What are the Linux name spaces?
PID namespace
PID namespaces isolate the process ID number space, meaning that processes in different PID namespaces can have the same PID. PID namespaces allow containers to provide functionality such as suspending/resuming the set of processes in the container and migrating the container to a new host while the processes inside the container maintain the same PIDs.
For example, while running nginx docker container inside container we always see nginx PID 1 but outside host we see different PID like 9989
$ docker run --name=samplewebapp1 -d nginx:alpine
$ ps auxxx | grep nginx
$ docker exec -it samplewebapp1 sh
# top
$ docker run --name=samplewebapp2 -d nginx:alpine
$ ps auxxx | grep nginx
$ docker exec -it samplewebapp2 sh
# top
Mount namespace
Mount namespaces provide isolation of the list of mount points seen by the processes in each namespace instance.

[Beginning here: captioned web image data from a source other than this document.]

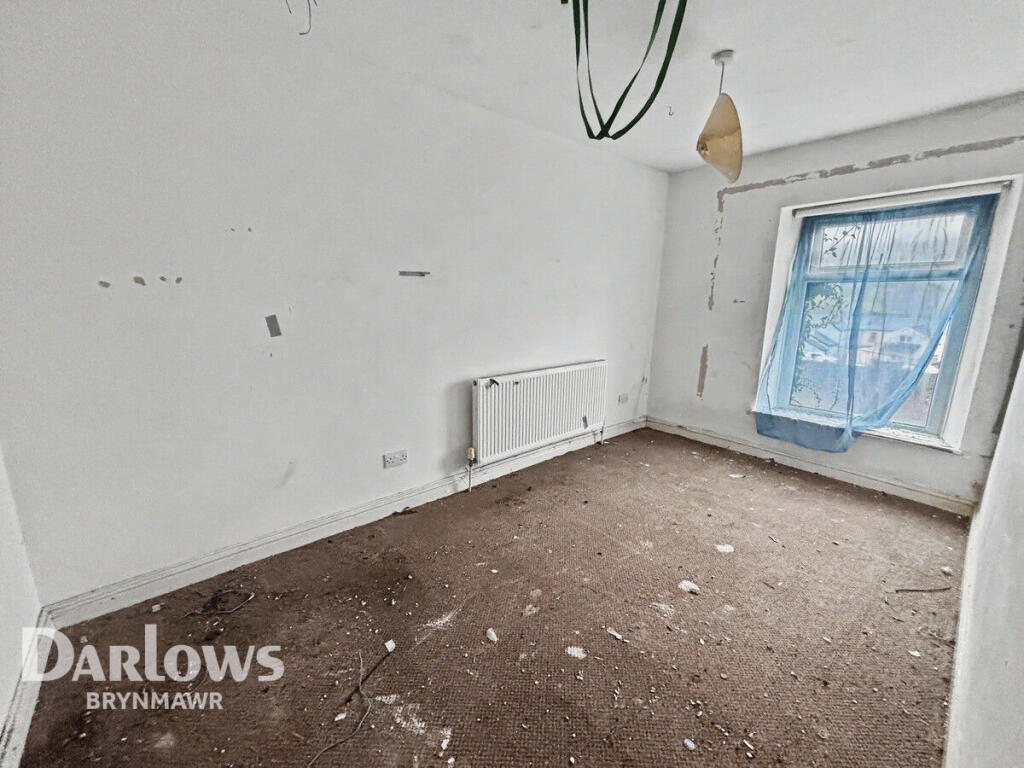 Richmond Terrace, Tredegar photo 4
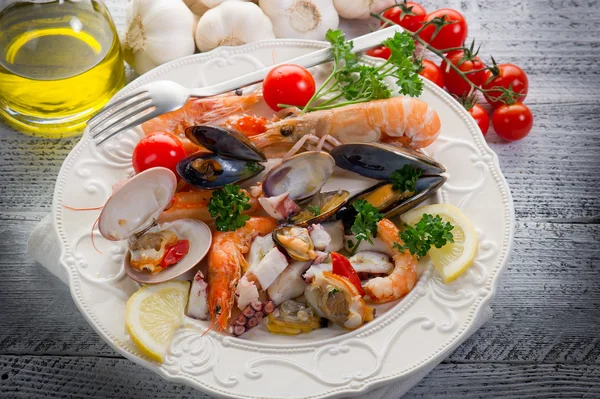 Deniz salata tabağı üzerinde — Stok fotoğraf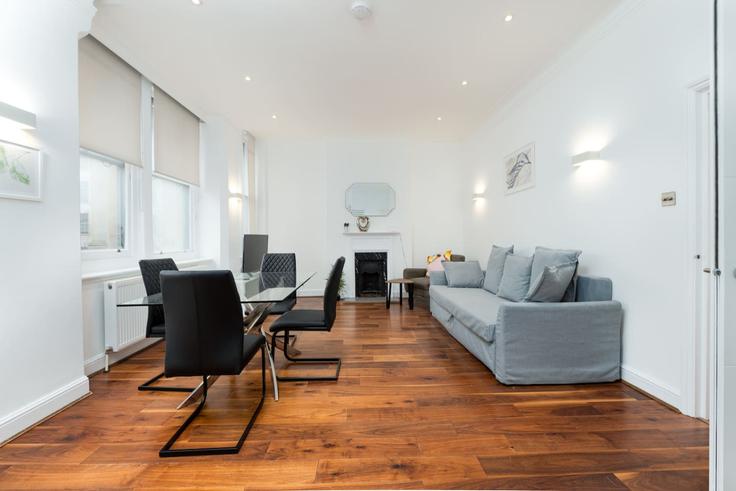 Sala de estar elegantemente projetada com móveis modernos em um apartamento no Building Fleet Street - lb73-management - 1330229 em City of London, London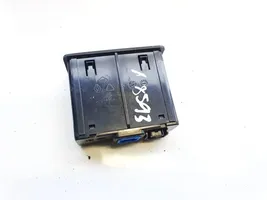 Renault Kadjar USB-pistokeliitin 280239732r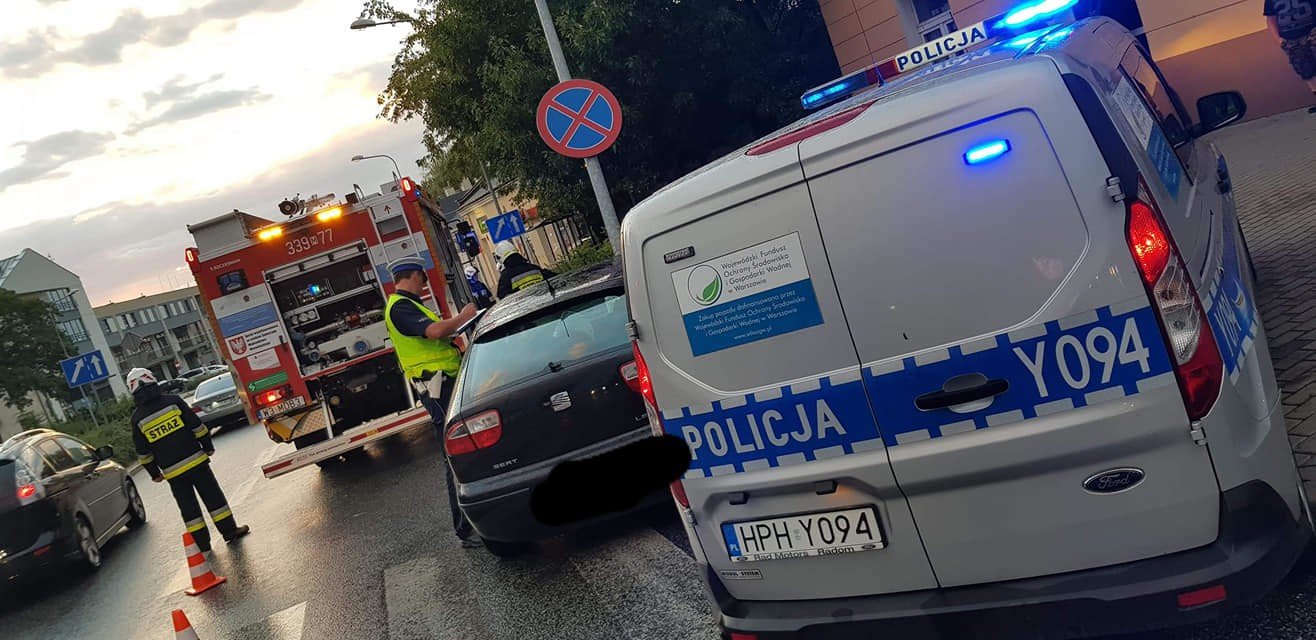 Samochód osobowy uderzył w latarnię na ulicy Malczewskiego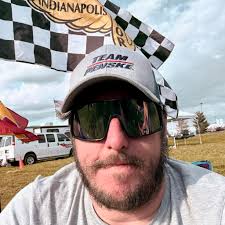 What to do when a boss yells at a coworker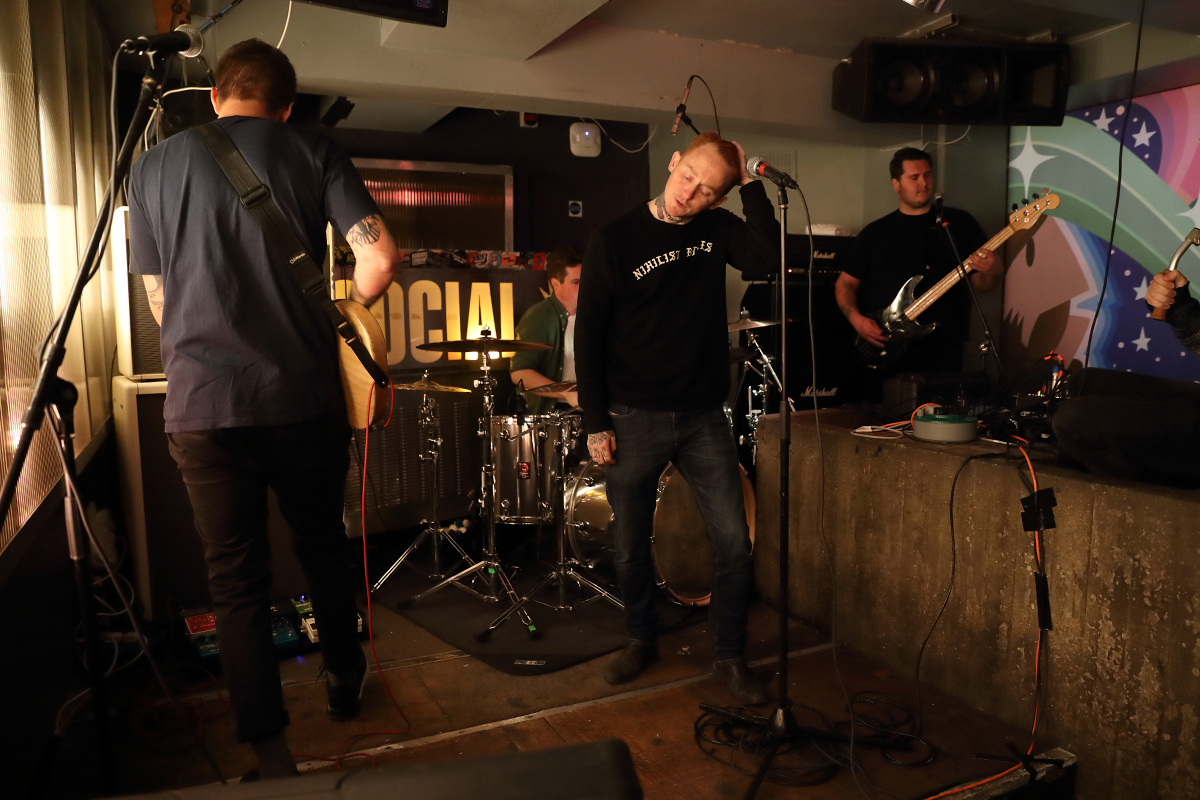 Frankcarter social27916 bc08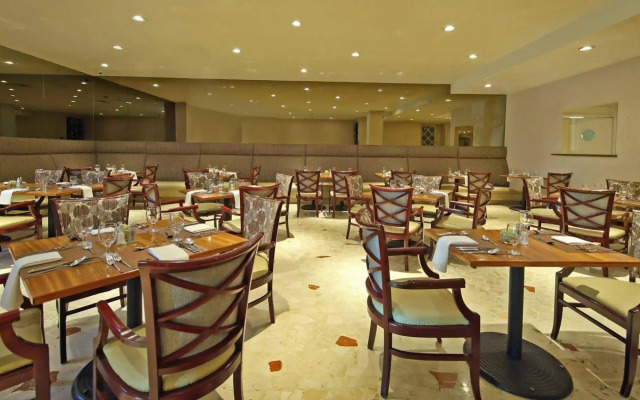 Crowne Plaza Panama by IHG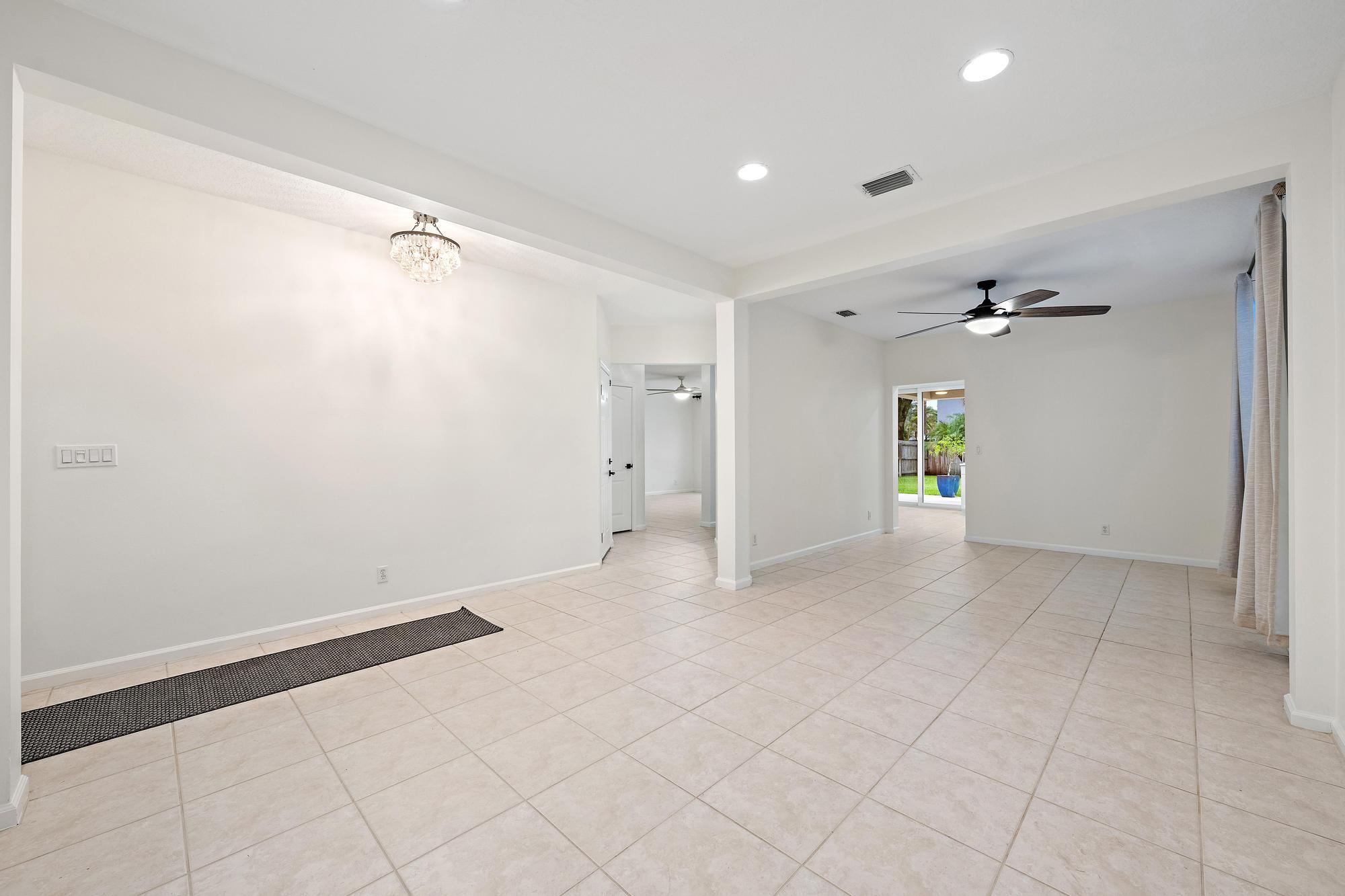 PALM POINTE AT MARTIN DOWNS (AKA MARTIN DOWNS PLAT - Residential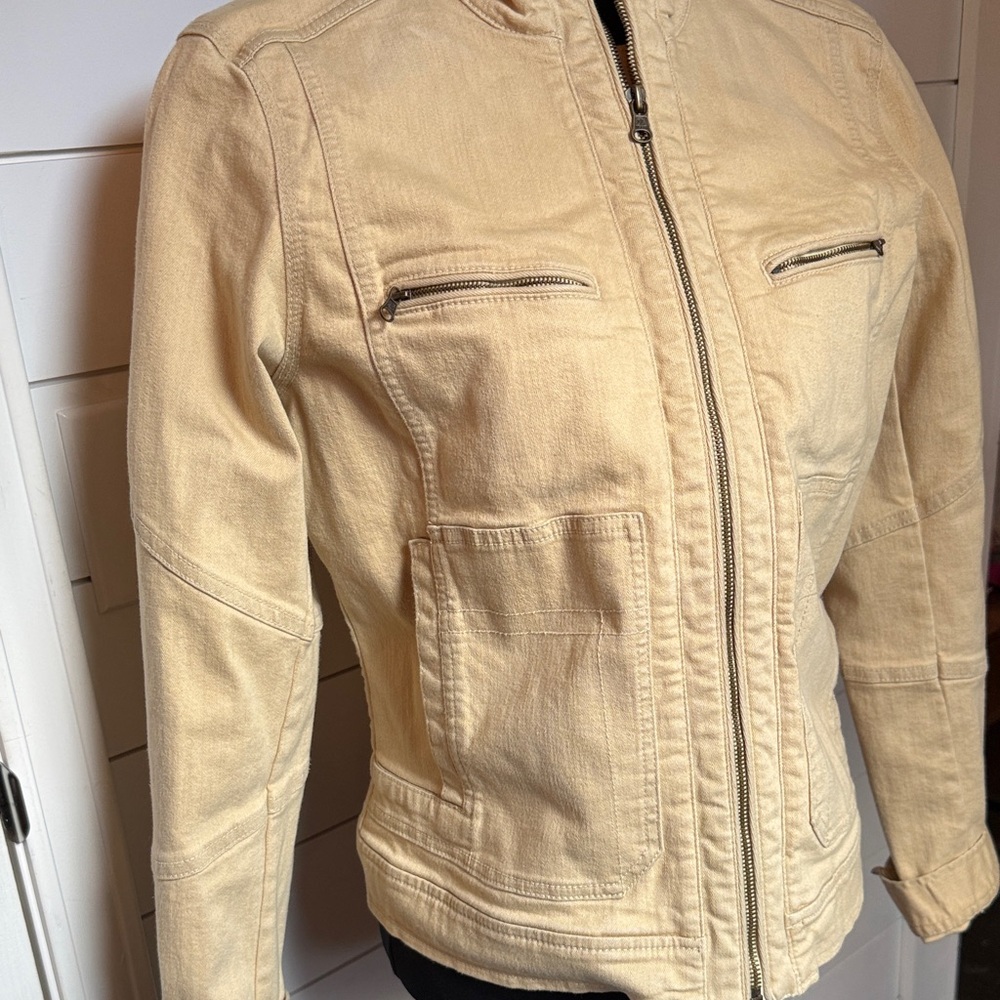 Ralph Lauren butter Yellow Barn Jacket - Picture 2 of 10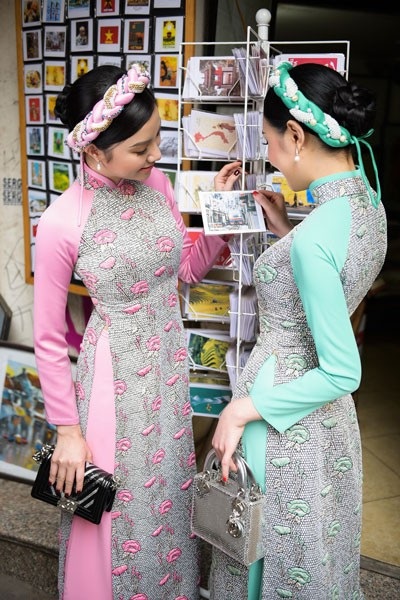 Hương Baby, Hạnh Sino xúng xính áo dài xuống phố đón xuân - 4 Hương Baby, Hạnh Sino xúng xính áo dài xuống phố đón xuân - 4
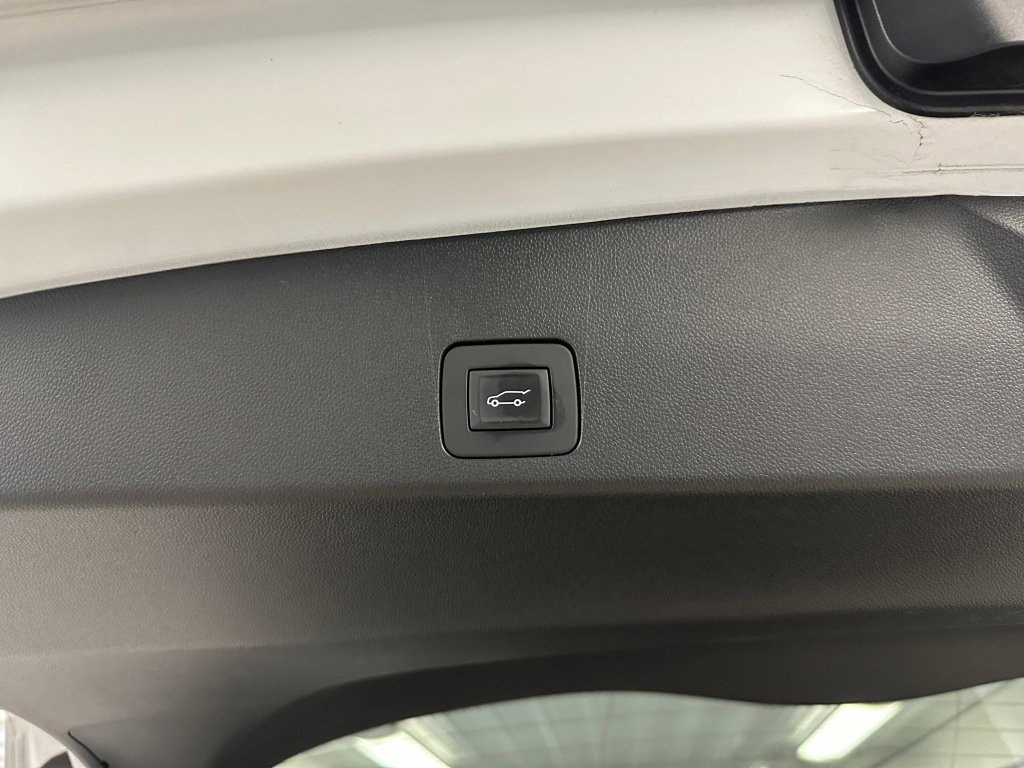 Certified 2024 Buick Encore GX Avenir w/ Avenir Convenience Package image 25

Thus, the processes in each of the mount namespace instances will see distinct single-directory hierarchies.
For example, in docker we use -v
option to volume mount the directories from host system to container.
$ docker run --name=sampleapp1 -d alpine sleep 1000
$ sudo cat /proc/[PID]/mountstats
$ docker exec -it sampleapp1 sh
# ls /data/
$ mkdir testmount
$ touch testmount/samplefile.txt
$ docker run --name=sampleapp2 -d -v testmount:/data alpine sleep 1000
$ sudo cat /proc/[PID]/mountstats
$ docker exec -it sampleapp2 sh
# ls /data/
UTS namespace
UTS namespaces provide isolation of two system identifiers: the hostname and the NIS domain name.
For example, we can see these by running the below commands
$ hostname
$ uname
$ docker run -it alpine sh
# hostname
# uname
Network namespace
Network namespace provide isolation of network controllers, system resources associated with networking, firewall and routing tables. This allows container to use separate virtual network stack, loopback device and process space. You can add virtual or real devices to the container, assign them their own IP Addresses and even full iptables rules.
For example, we can view the different network settings by executing the ip addr
command on the host and inside the container.
$ ip addr
$ docker run --name=samplenetapp -d alpine sleep 1000
$ ps auxxx | grep sleep
$ sudo ls /proc/[pid]/net/
$ docker exec -it samplenetapp sh
# ip addr
IPC namespace
Each IPC namespace has its own set of System V IPC identifiers and its own POSIX message queue filesystem. Objects created in an IPC namespace are visible to all other processes that are members of that namespace, but are not visible to processes in other IPC namespaces.
For example, check the /proc/sysvipc
in system to see the (sem, shm, msg)
User namespace
User namespaces isolate security-related identifiers and attributes, in particular, user IDs and group IDs, the root directory, keys, and capabilities.
In particular, a process can have a normal unprivileged user ID outside a user namespace while at the same time having a user ID of 0 inside the namespace; in other words, the process has full privileges for operations inside the user namespace, but is unprivileged for operations outside the namespace.